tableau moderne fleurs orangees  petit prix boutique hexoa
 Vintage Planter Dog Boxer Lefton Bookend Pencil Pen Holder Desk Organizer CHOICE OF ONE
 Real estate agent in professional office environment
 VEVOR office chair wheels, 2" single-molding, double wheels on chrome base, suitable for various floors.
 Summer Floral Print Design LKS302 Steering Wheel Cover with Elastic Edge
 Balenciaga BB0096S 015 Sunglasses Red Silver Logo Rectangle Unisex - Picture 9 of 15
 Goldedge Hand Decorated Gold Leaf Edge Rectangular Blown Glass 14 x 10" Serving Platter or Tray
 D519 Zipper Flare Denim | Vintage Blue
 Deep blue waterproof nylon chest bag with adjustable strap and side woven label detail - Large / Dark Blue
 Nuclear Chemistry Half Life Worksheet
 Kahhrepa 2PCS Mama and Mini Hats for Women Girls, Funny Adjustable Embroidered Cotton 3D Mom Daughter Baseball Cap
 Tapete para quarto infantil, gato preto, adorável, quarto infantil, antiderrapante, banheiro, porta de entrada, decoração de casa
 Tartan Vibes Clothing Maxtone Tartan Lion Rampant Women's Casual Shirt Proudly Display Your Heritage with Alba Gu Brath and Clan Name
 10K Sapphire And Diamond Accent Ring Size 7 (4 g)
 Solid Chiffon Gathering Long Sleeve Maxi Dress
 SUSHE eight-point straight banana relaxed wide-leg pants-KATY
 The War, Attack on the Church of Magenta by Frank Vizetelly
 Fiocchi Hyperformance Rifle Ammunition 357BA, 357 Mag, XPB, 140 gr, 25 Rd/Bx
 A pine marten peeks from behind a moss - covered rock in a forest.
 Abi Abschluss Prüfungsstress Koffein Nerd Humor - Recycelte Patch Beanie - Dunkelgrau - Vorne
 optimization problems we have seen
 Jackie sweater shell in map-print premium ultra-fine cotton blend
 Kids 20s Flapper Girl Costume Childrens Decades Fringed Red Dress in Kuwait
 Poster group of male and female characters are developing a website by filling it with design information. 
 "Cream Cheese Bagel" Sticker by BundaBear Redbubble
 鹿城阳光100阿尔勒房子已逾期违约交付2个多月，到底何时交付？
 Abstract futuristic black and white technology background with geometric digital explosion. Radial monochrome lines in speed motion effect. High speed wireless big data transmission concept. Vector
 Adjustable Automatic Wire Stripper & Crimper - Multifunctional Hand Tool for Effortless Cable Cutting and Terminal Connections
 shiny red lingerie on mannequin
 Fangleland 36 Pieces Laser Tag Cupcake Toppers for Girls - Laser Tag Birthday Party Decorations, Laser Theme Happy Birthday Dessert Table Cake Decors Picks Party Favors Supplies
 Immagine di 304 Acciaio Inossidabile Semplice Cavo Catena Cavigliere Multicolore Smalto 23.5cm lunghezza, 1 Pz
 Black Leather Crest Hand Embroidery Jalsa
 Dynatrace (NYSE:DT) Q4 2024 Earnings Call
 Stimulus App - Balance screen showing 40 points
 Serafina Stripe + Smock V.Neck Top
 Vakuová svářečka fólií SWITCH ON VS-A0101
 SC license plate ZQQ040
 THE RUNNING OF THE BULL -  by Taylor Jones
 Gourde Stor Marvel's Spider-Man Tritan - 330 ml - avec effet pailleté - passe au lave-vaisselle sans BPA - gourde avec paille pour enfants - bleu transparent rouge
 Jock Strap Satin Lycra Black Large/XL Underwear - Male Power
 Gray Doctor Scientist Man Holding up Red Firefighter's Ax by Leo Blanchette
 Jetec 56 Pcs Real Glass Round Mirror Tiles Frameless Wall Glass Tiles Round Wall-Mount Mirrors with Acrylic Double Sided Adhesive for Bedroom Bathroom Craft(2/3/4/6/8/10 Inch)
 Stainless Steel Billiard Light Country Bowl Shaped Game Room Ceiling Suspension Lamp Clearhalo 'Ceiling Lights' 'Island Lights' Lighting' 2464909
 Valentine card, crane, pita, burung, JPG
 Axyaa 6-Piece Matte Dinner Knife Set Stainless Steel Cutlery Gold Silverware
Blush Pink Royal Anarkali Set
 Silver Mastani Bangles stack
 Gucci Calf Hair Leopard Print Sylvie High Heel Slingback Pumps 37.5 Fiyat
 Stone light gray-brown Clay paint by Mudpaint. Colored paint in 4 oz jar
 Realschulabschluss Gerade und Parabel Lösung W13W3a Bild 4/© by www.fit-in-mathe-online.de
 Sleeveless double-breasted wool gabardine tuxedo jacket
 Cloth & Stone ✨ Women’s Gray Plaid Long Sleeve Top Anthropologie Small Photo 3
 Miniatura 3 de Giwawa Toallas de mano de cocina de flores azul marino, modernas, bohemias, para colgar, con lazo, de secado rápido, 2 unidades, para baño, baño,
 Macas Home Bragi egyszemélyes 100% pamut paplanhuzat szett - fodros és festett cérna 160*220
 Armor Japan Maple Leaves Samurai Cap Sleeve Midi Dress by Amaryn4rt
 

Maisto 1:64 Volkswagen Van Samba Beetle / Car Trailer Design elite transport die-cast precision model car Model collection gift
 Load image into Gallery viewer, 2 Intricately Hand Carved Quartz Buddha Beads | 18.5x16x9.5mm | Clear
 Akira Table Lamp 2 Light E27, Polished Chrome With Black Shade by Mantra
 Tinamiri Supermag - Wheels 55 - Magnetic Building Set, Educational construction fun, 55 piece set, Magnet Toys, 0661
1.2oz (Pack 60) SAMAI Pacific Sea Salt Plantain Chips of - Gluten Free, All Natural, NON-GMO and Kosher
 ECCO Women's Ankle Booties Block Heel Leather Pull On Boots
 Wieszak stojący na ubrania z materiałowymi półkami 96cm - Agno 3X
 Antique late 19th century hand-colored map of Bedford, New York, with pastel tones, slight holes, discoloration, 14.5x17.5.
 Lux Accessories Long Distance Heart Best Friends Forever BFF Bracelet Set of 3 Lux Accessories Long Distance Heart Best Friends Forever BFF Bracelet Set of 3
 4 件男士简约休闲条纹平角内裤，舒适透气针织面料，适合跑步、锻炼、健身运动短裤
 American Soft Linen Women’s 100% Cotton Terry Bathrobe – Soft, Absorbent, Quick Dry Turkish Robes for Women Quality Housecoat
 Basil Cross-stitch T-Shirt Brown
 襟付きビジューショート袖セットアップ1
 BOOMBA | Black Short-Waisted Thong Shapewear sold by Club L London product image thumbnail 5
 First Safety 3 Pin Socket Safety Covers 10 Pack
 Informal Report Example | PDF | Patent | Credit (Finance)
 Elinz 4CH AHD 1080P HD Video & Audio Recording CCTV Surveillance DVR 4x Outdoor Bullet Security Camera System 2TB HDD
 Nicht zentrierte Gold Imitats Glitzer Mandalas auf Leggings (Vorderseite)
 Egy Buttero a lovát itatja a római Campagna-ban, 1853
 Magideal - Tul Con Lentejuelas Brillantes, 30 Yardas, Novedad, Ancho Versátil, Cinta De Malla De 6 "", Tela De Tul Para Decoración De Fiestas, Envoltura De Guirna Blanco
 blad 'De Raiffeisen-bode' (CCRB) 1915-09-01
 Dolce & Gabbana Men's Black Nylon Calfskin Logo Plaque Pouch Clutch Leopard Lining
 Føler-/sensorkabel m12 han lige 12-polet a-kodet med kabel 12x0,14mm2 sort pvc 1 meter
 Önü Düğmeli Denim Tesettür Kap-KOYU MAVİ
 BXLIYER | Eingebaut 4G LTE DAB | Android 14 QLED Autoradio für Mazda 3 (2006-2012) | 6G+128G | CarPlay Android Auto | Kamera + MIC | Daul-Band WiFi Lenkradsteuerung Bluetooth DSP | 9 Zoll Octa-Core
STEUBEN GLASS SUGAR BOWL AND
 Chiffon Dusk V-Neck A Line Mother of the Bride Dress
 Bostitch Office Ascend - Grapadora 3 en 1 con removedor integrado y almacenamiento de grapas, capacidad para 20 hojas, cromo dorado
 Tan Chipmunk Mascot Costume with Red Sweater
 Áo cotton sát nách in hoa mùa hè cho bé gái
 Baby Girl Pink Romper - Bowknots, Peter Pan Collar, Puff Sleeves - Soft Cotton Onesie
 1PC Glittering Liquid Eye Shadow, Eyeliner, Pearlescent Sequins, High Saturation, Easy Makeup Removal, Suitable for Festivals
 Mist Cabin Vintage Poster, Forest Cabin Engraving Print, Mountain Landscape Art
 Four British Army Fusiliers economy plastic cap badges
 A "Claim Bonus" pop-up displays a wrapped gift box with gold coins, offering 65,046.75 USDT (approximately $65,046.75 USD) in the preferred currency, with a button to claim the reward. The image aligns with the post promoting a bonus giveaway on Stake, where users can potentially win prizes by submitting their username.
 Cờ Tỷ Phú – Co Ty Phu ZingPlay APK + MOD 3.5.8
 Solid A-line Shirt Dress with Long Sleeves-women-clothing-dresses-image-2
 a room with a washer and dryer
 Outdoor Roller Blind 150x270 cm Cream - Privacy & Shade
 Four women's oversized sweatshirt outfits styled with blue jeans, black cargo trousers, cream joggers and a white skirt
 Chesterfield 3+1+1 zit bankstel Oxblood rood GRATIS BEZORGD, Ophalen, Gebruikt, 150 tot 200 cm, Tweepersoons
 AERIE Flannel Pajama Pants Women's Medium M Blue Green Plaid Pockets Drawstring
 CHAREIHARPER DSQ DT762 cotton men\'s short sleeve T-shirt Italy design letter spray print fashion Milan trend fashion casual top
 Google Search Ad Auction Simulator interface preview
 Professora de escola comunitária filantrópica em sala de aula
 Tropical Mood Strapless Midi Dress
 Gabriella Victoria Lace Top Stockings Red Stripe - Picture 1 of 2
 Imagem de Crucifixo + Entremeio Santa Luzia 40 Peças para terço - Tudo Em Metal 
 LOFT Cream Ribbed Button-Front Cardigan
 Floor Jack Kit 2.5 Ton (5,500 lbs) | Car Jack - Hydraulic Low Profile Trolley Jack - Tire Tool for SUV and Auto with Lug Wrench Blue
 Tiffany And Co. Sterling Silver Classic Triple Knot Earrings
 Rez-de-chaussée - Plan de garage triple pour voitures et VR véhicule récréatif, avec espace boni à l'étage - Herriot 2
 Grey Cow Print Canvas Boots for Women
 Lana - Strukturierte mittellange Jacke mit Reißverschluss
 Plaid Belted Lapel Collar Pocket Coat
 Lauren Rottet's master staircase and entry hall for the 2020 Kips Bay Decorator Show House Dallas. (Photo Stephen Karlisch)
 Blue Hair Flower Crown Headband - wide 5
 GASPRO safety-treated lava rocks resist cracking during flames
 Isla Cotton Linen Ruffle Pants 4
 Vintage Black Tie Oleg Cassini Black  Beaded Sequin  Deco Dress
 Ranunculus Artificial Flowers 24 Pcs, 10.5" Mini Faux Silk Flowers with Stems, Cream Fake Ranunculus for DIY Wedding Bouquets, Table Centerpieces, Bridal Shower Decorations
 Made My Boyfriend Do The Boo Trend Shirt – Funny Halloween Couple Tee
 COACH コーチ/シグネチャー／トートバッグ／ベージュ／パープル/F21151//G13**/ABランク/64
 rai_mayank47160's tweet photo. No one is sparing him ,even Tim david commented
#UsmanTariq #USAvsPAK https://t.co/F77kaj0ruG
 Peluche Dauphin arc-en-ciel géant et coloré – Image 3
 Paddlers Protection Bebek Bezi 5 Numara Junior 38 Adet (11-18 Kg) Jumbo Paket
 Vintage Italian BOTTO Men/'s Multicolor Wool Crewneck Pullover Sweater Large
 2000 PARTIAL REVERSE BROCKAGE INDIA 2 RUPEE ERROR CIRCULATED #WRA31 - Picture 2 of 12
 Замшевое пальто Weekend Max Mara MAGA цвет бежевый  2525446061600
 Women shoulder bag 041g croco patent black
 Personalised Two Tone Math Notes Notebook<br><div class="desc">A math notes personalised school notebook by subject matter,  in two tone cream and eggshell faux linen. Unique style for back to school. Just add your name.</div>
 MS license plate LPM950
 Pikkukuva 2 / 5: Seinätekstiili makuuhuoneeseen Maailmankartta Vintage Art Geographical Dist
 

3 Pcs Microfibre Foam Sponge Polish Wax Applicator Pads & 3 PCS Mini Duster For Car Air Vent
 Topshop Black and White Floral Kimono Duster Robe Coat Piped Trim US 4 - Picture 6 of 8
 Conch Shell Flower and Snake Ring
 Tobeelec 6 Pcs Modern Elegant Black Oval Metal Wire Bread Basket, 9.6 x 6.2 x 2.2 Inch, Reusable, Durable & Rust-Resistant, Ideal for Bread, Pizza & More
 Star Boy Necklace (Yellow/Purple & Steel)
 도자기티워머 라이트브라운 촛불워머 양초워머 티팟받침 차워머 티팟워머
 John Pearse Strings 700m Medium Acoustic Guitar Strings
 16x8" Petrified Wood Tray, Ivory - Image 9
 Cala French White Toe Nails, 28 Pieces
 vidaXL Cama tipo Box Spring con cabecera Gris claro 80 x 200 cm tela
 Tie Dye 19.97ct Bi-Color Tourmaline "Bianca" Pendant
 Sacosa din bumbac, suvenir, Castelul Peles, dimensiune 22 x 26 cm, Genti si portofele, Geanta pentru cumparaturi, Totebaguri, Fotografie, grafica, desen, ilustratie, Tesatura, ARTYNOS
··········
In the entries above, find the line holding "BOOMBA | Black" and the line holding "blad 'De Raiffeisen-bode' (CCRB) 1915-09-01", then retype exactly those two lines and every line between them, and nothing else.

• Answer:
 BOOMBA | Black Short-Waisted Thong Shapewear sold by Club L London product image thumbnail 5
 First Safety 3 Pin Socket Safety Covers 10 Pack
 Informal Report Example | PDF | Patent | Credit (Finance)
 Elinz 4CH AHD 1080P HD Video & Audio Recording CCTV Surveillance DVR 4x Outdoor Bullet Security Camera System 2TB HDD
 Nicht zentrierte Gold Imitats Glitzer Mandalas auf Leggings (Vorderseite)
 Egy Buttero a lovát itatja a római Campagna-ban, 1853
 Magideal - Tul Con Lentejuelas Brillantes, 30 Yardas, Novedad, Ancho Versátil, Cinta De Malla De 6 "", Tela De Tul Para Decoración De Fiestas, Envoltura De Guirna Blanco
 blad 'De Raiffeisen-bode' (CCRB) 1915-09-01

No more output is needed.